The good news, progressive states such as New York, Massachusetts and California are enacting laws which would prohibit companies from collecting salary information on job candidates prior to a conditional offer of employment. This would include questions on job applications, or in interviews, regarding past or current salary information. No more having to fake a number to satisfy the salary question on an application form!
New Perspectives on the War for Talent
Still Looking for that Purple Squirrel! For several years HR professionals have clamored about the dearth of qualified candidates for many of their companies’ positions, especially with changing technology. This perception has unfortunately resulted in many qualified people from not getting jobs if only for not meeting one or two of a job’s requirements.

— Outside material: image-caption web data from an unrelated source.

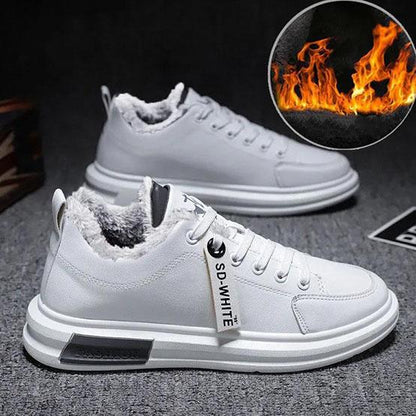 Men's Winter Flat Cotton Shoes Large Size Plush Warm Casual Shoes Men's Versatile Non Slip Sneakers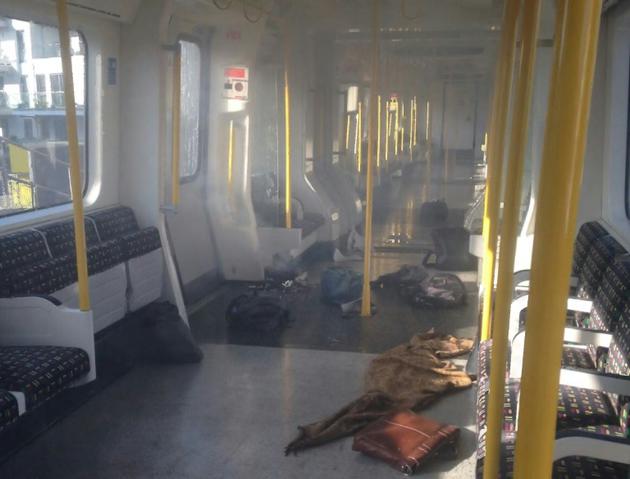 Une rame du métro londonien après l'explosion dans la station de Parsons Green le 15 septembre 2017, sur une photo fournie le 16 mars 2018 par la police londonienne  [STR / METROPOLITAN POLICE/AFP/Archives]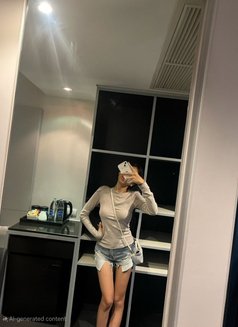 Bell & Friends - Agencia de putas in Bangkok Photo 14 of 15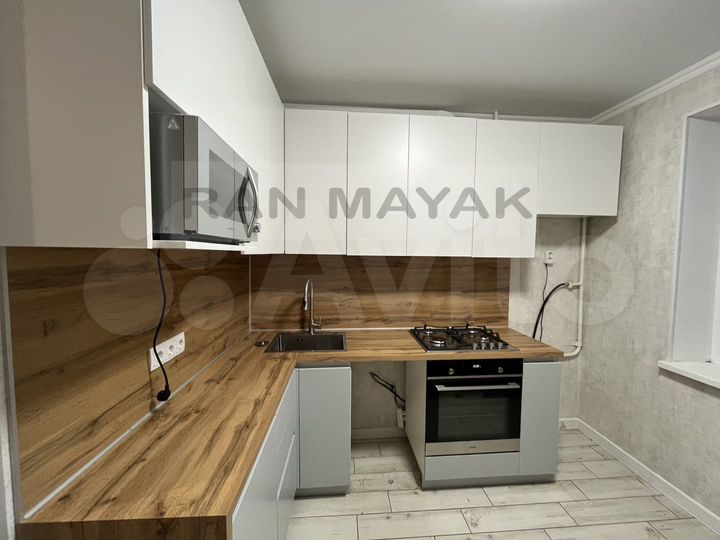 2-к. квартира, 52,2 м², 4/9 эт.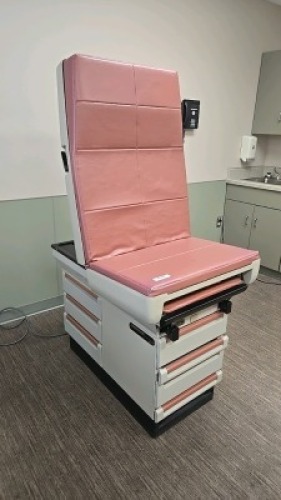 MIDMARK 404 EXAM TABLE (LIGHT RED TOP)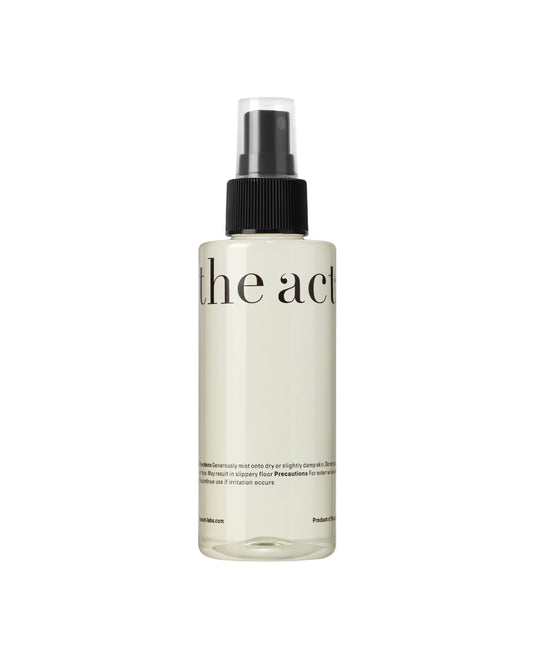 Dry oil body mist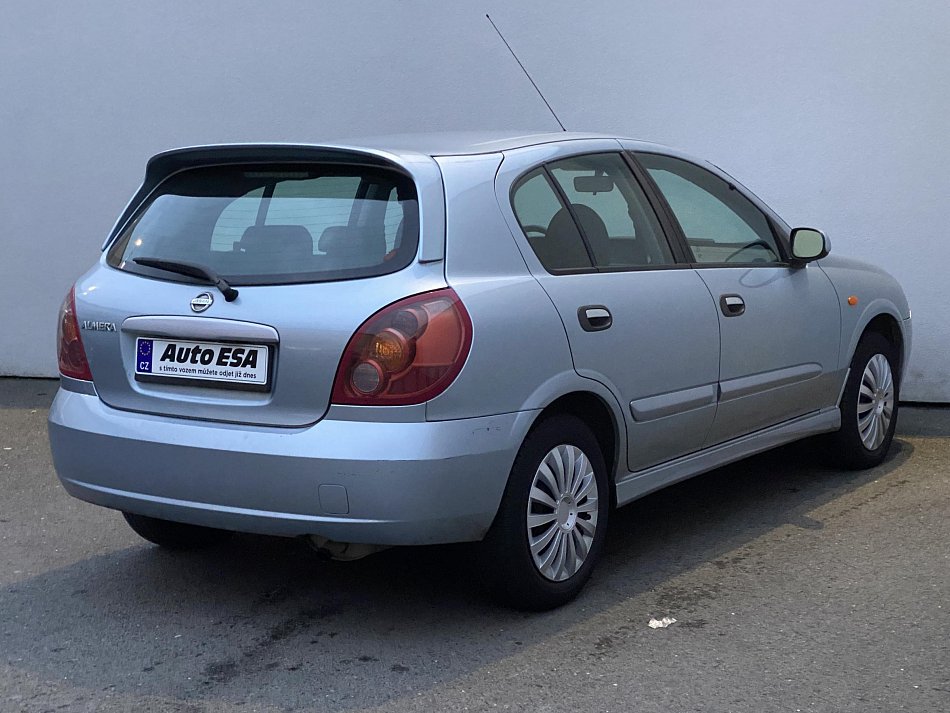 Nissan Almera 1.5i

Many HR professionals even admitted to looking for that perfect person in this “war for talent.”
The good news, HR has started listening to some of the critics who have proposed implementing more training, whether formal or on-the-job, to provide candidates with the skills or competencies they might be missing, and not lose out to candidates who can otherwise bring a wealth of experience to a position. Hopefully, companies take heed to this advice, otherwise jobs will go unfilled and good people won’t land jobs!
Looking for Team Players. While companies may start relaxing their job requirements they will start putting more emphasis on some of the “softer” skills such as how well people fit into a company’s culture, and blend well with a multi-generation workplace. So for you Baby Boomers out there be prepared to work with younger Millennials who are the most socially networked generation, but who can still use your wisdom and coaching to be successful.
Lastly, some personal observations when attending a conference:
Don’t wire up to your smart phone every free minute you have between sessions or workshops. Use the opportunity to sit near someone who don’t know, and use it as a networking opportunity. I know most people who attend a professional event are currently working and need to periodically check their messages, but come on, use the conference to see what other people are thinking and doing in your profession.
Always bring business cards! I know this may see old school when people can instantly log you into their smart phone’s address book, but it’s still a nice gesture, and believe me people will respond to you.
If you’re part of a group from the same company, branch out and meet new people from different parts of the country. I sense under our current administration in Washington, D.C., many changes affecting jobs will be left to individual states. See what your fellow colleagues are up to in their states!
I trust these insights from my perspective have been helpful, but I welcome your thoughts about some of these proposed changes and how they may impact your job search. BTW, I can also share some great restaurants to visit if you’re planning a trip to the Big Easy.